As we head into the mid-season of crop growth, some foliar soybean diseases are visible. Based on my observations and reports from growers and agronomists, the following foliar diseases are relatively common in Iowa soybean fields.
Bacterial blight has been observed in some soybean fields. The disease is caused by the bacterium Pseudomonas syringae. Lesions associated with this disease are normally first observed on younger, top leaves of soybean plants. The lesions are small, angular, water-soaked, yellow-to-brown spots. The angular lesions enlarge in rainy weather and merge to produce large, irregular dead areas. The bacteria also can infect pods and seed quality may be affected when this disease is severe.
||Bacterial blight on soybean.
Normally, bacterial blight occurs in Iowa every year without causing significant yield losses. This disease is more frequently observed in areas that have received a lot of rain because the bacteria are disseminated by rain and wind. If you find severe infection this season, you should not use the seeds for next year because this disease can be seedborne. To reduce the risk of bacterial blight, avoid the use of susceptible cultivars.
Rotation with corn also reduces disease risk.
Brown spot is common in soybean fields this season. It is caused by the fungus Septoria glycines. Even plants in the V2 growth stage are showing symptoms. The fungus spreads by splashing rain from residue in the soil onto the leaves of soybean plants. Symptoms of the disease are many irregular, dark brown spots on both the upper and lower leaf surfaces, which is different from bacterial blight symptoms. Adjacent lesions frequently merge to form irregularly shaped blotches. Sometimes, brown spot can be mistaken as bacterial blight but the two diseases are easy to identify because bacterial blight occurs on upper new leaves and brown spot infects aged leaves, or leaves on the lower portion of plants.
||Brown spot on soybean.
No remedial measures for problems caused by brown spot are recommended because I cannot predict the development of this disease. Brown spot normally does not affect plant growth, and soybeans can outgrow the disease in most years. However, if the weather this summer continues to be rainy, this disease will progress from lower leaves to upper leaves and cause premature defoliation.

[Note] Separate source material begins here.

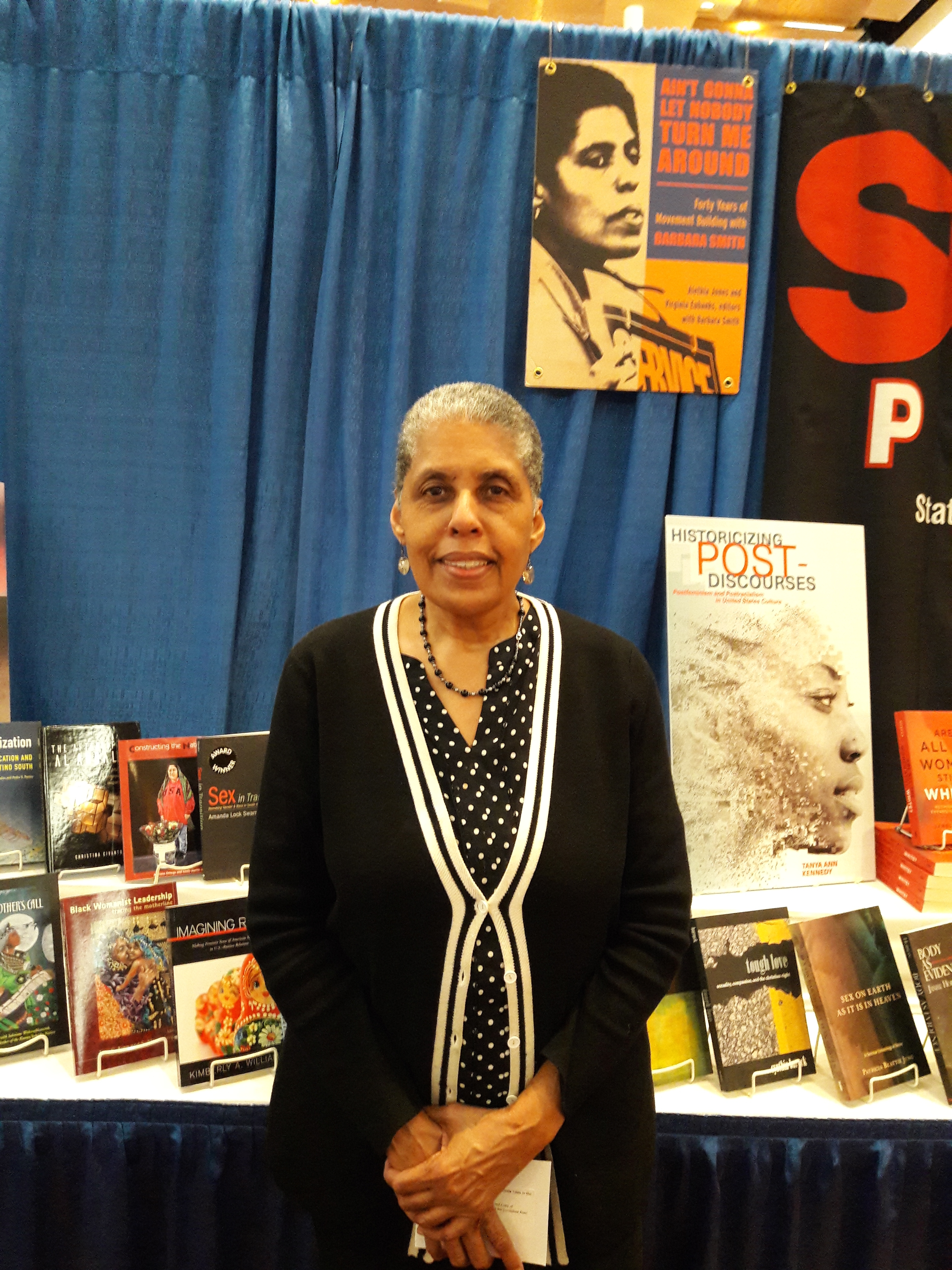 auteur Barbara Smith de la citation Les femmes noires, dont l'expérience sont uniques, sont rarement reconnues comme une entité sociale-culturelle particulière et sont rarement considérées comme suffisamment importantes pour une considération universitaire sérieuse.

Soybean mosaic virus (SMV)
Last fall I reported on seed infection by soybean mosaic virus in Iowa. This summer, the incidence of foliar symptoms of this disease was higher in Iowa State University experimental plots than the last 2 years, and this disease also was reported by agronomists in production fields. Leaves of infected plants have a mosaic appearance consisting of light and dark green areas. The leaves curl and crinkle longitudinally alone the veins. Sometimes, the symptoms of herbicide injury are similar to those of soybean mosaic virus and misidentification can occur. SMV infection is systematic and new leaves of plants show more drastic symptoms of infection than other leaves. Plants with herbicide injury outgrow the problem and symptomatic leaves occur in the middle of plants. Keep in mind that reaction of soybeans to SMV varies with genotype. For some varieties, infected plants may not have foliar symptoms.
||Foliar symptoms of soybean mosaic virus.
In Iowa, the damage of SMV on yield generally is not a concern; major damage by this disease is on seed quality. It is recommended not to save SMV-infected soybean for seeds. If you plan to save seed from plants that showed SMV-like symptoms, check the seed at harvest. For some varieties, SMV-infected seed will have mottling on the seed coat. Because there were a number of reports of mottled seed coats last year, I will keep a close watch on this disease in the fall.